[LeetCode] 875. Koko Eating Bananas

Koko loves to eat bananas.  There are N piles of bananas, the i-th pile has piles[i] bananas.  The guards have gone and will come back in H hours.

Koko can decide her bananas-per-hour eating speed of K.  Each hour, she chooses some pile of bananas, and eats K bananas from that pile.  If the pile has less than K bananas, she eats all of them instead, and won't eat any more bananas during this hour.

Koko likes to eat slowly, but still wants to finish eating all the bananas before the guards come back.

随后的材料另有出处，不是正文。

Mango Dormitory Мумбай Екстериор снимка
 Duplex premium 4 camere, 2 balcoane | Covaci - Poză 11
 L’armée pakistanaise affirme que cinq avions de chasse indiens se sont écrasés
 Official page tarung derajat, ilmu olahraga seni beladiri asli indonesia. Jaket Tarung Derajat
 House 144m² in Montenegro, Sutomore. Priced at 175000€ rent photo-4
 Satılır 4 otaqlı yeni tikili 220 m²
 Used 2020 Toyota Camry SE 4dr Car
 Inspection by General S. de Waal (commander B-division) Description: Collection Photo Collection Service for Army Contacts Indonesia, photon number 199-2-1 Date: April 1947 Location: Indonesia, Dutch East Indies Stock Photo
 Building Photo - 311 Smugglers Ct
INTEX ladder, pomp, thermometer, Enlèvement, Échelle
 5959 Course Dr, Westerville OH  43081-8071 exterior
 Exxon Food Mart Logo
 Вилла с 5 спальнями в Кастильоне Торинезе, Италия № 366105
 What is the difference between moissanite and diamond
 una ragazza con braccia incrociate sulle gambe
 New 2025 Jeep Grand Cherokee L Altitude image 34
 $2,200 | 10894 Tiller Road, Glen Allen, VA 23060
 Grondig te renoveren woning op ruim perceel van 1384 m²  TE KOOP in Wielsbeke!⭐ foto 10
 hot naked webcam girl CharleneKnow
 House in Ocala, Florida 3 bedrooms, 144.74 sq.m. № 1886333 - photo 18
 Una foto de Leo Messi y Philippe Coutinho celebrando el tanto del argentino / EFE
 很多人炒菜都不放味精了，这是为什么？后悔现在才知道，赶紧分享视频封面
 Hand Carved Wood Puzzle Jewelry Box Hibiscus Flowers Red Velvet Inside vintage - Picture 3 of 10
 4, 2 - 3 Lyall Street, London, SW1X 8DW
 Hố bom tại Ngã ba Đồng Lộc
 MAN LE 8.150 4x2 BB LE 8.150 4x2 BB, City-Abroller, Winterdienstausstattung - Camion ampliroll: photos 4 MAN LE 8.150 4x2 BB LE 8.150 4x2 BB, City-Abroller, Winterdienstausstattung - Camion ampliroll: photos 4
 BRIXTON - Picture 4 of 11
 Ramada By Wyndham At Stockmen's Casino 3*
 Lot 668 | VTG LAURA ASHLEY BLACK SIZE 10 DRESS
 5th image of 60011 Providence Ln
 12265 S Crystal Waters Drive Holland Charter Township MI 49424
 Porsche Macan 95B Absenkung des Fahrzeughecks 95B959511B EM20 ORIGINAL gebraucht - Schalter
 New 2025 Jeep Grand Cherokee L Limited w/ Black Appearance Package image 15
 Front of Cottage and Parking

Return the minimum integer K such that she can eat all the bananas within H hours.

Example 1:

Input: piles = [3,6,7,11], H = 8
Output: 4

Example 2:

Input: piles = [30,11,23,4,20], H = 5
Output: 30

Example 3:

Input: piles = [30,11,23,4,20], H = 6
Output: 23

Constraints:

• 1 <= piles.length <= 10^4
• piles.length <= H <= 10^9
• 1 <= piles[i] <= 10^9

爱吃香蕉的珂珂。

题意是有一个猴子和 N 堆香蕉，每堆香蕉有 piles[i] 根，警卫会在 H 小时候返回，所以猴子有 H 小时吃香蕉。猴子可以决定自己吃香蕉的速度 K。每个小时，她会选择一个堆，吃掉其中的 K 根香蕉。如果这堆香蕉小于 K 根，则猴子会把这堆香蕉全吃掉并在当前这个小时内不再吃别的堆上的香蕉。请返回一个最小速度 K，保证猴子可以在 H 小时内把所有香蕉吃掉。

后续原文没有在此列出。